Segment Open

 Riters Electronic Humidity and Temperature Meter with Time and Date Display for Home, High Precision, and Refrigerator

Segment Closed
Segment Open

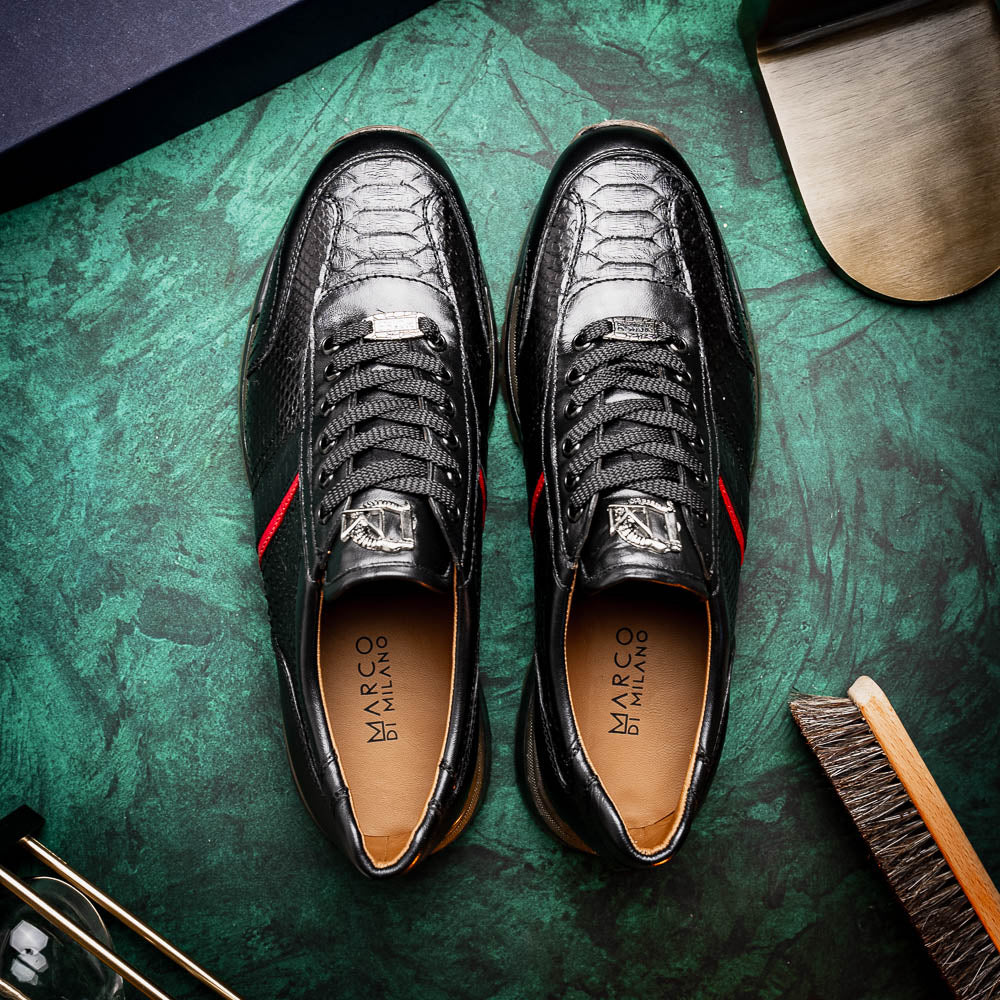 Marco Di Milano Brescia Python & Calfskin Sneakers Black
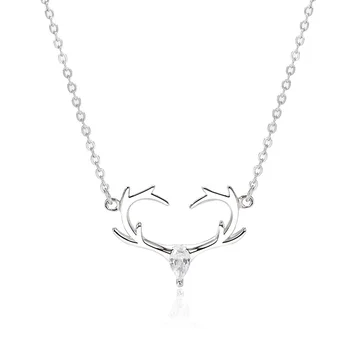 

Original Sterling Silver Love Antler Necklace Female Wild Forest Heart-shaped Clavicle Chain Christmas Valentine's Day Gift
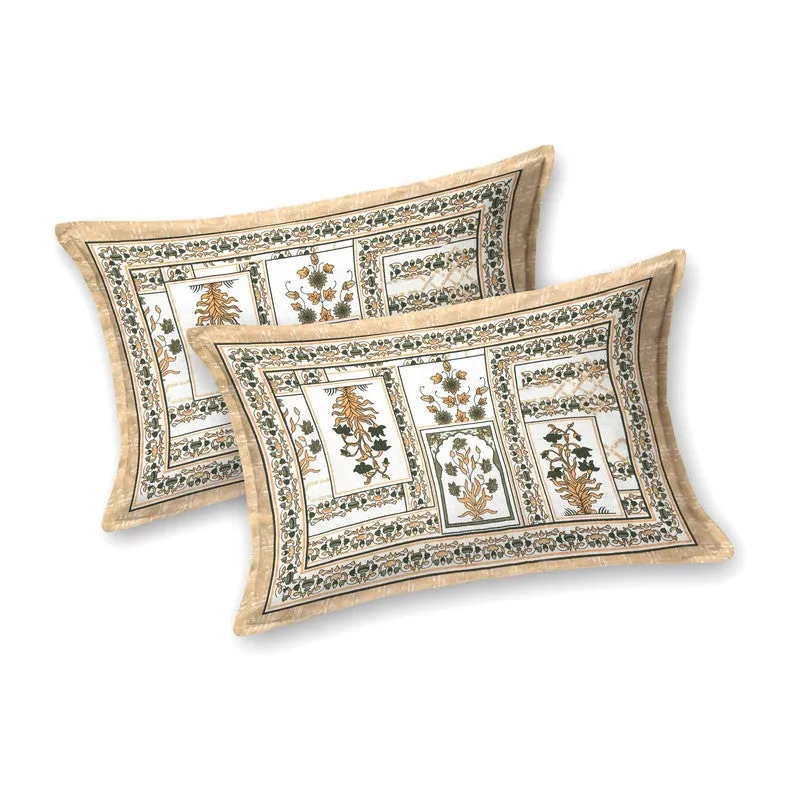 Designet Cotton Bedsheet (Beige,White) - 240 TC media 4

Segment Closed
Segment Open

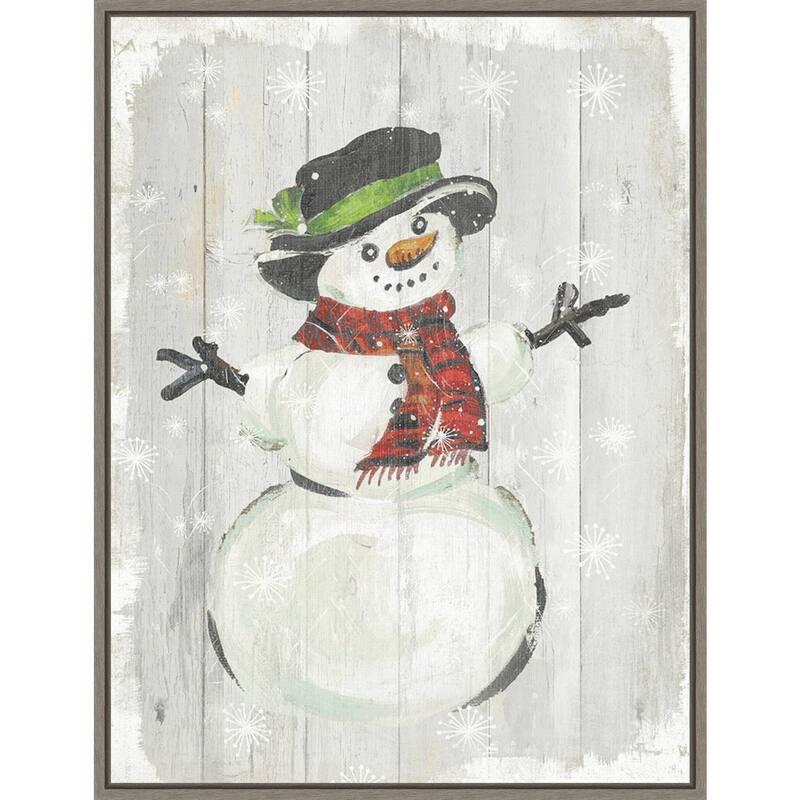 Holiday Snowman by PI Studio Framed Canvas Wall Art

Segment Closed

▸ REQUIRED WORK:
Within the listing above, write out the stretch from the line with "Marco Di Milano" through the line with "Designet Cotton Bedsheet" exactly. Any pictures are to be left out.

▸ REPLY:
 Marco Di Milano Brescia Python & Calfskin Sneakers Black

Original Sterling Silver Love Antler Necklace Female Wild Forest Heart-shaped Clavicle Chain Christmas Valentine's Day Gift
 Designet Cotton Bedsheet (Beige,White) - 240 TC media 4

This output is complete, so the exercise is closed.